### DATA EXTRACTS
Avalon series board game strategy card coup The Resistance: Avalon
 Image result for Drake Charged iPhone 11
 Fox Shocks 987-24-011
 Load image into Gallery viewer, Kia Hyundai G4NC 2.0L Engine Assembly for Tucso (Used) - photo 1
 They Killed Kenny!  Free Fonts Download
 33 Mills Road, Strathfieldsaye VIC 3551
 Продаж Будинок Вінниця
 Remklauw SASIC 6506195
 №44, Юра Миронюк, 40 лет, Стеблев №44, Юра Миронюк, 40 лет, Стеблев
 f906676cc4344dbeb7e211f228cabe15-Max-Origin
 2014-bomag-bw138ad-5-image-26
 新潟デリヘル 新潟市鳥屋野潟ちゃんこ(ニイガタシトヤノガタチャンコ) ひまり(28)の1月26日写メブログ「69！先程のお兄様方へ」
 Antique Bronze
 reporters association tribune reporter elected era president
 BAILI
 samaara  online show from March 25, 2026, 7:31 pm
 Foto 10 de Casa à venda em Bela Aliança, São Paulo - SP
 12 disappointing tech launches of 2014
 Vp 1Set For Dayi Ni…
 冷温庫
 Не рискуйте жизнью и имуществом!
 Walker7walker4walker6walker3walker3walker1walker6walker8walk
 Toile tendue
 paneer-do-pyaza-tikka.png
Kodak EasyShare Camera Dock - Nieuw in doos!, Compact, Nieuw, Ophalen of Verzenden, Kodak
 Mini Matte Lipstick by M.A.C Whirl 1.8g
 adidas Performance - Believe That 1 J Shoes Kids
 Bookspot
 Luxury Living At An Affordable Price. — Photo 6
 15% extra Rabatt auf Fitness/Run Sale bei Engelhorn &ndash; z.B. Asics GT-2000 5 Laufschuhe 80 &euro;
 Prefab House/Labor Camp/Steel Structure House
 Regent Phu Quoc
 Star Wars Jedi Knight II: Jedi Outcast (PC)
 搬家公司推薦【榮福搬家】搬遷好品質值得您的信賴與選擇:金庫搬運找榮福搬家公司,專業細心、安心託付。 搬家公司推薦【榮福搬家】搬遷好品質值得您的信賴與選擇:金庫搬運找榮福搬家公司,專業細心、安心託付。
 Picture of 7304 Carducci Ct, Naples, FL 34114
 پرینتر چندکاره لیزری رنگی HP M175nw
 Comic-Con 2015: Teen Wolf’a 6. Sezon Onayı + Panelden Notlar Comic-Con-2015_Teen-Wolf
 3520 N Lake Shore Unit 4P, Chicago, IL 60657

### TASK REQUIREMENTS
Up to and including the line that contains "They Killed Kenny!", restate each line of the material above word for word, beginning with its first line.

### EXPECTED ANSWER
Avalon series board game strategy card coup The Resistance: Avalon
 Image result for Drake Charged iPhone 11
 Fox Shocks 987-24-011
 Load image into Gallery viewer, Kia Hyundai G4NC 2.0L Engine Assembly for Tucso (Used) - photo 1
 They Killed Kenny!  Free Fonts Download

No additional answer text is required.